Strzelanina w Poznaniu
Tragiczny finał strzelaniny na Świętym Marcinie w Poznaniu. W wyniku zajścia jedna osoba nie żyje, a druga jest poszkodowana. Do zdarzenia doszło tuż obok hotelu. - Około godz. 17.00 w okolicy hotelu na ul. Święty Marcin została użyta broń palna. Jedna ofiara to mężczyzna, niestety nie udało się go uratować. Drugi mężczyzna jest poszkodowany w wyniku tego zdarzenia, ale nie wiemy, jaki jest jego stan - mówił nam Andrzej Borowiak z wielkopolskiej policji. Mundurowi zabezpieczyli broń, mają także nagrania z monitoringu i świadków zdarzenia. Wstępnie ustalono, że strzały oddał jeden z dwóch wspomnianych wcześniej mężczyzn.
Nie żyją dwie osoby
Około godziny 20.00 przekazano informację, że w wyniku strzelaniny w Poznaniu zmarła druga osoba. Ofiary zdarzenia to poznaniacy w wieku 30 i 31 lat. Na miejscu pracuje prokurator, policyjni technicy. Trwa zabezpieczanie śladów.
Relacje świadków
Polska Agencja Prasowa informuje, że według świadków zdarzenia, mężczyzna podszedł do stolika, przy którym siedziała para, strzelił do siedzącego przy stoliku mężczyzny, zaś potem do siebie! Rzecznik prasowy wielkopolskiej policji Andrzej Borowiak nie chciał w rozmowie z PAP jednak potwierdzić tego przebiegu zdarzeń. Wiadomo, że obie ofiary śmiertelne to mieszkańcy tego miasta, w wieku 30 i 31 lat.

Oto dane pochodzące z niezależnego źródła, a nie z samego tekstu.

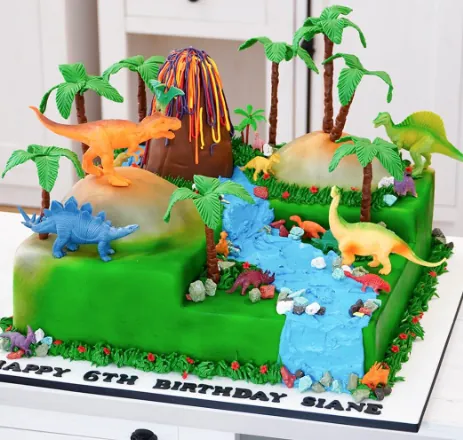 Dinosaur Cake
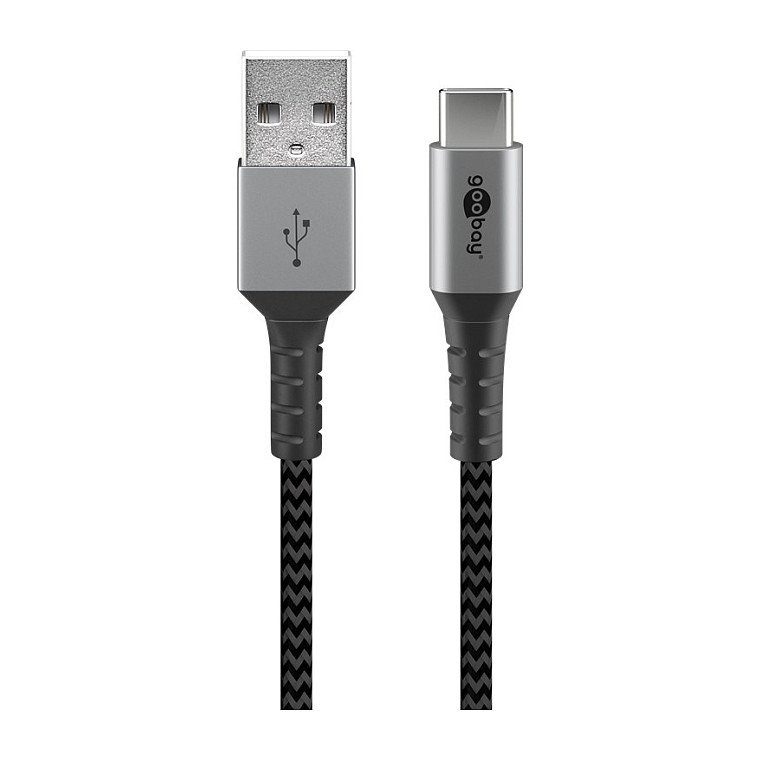Adapter USB Goobay 45400, USB-A 3.0 mashkull në USB-C femër, 5 Gbps - Zezë 6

Trwa ustalanie, czy mężczyzna, który strzelał był posiadaczem broni i czy miał ją legalnie.
Borowiak zapowiedział, że więcej informacji o okolicznościach i przebiegu zdarzenia, do którego doszło przy ul. Święty Marcin był może będzie można podać w poniedziałek.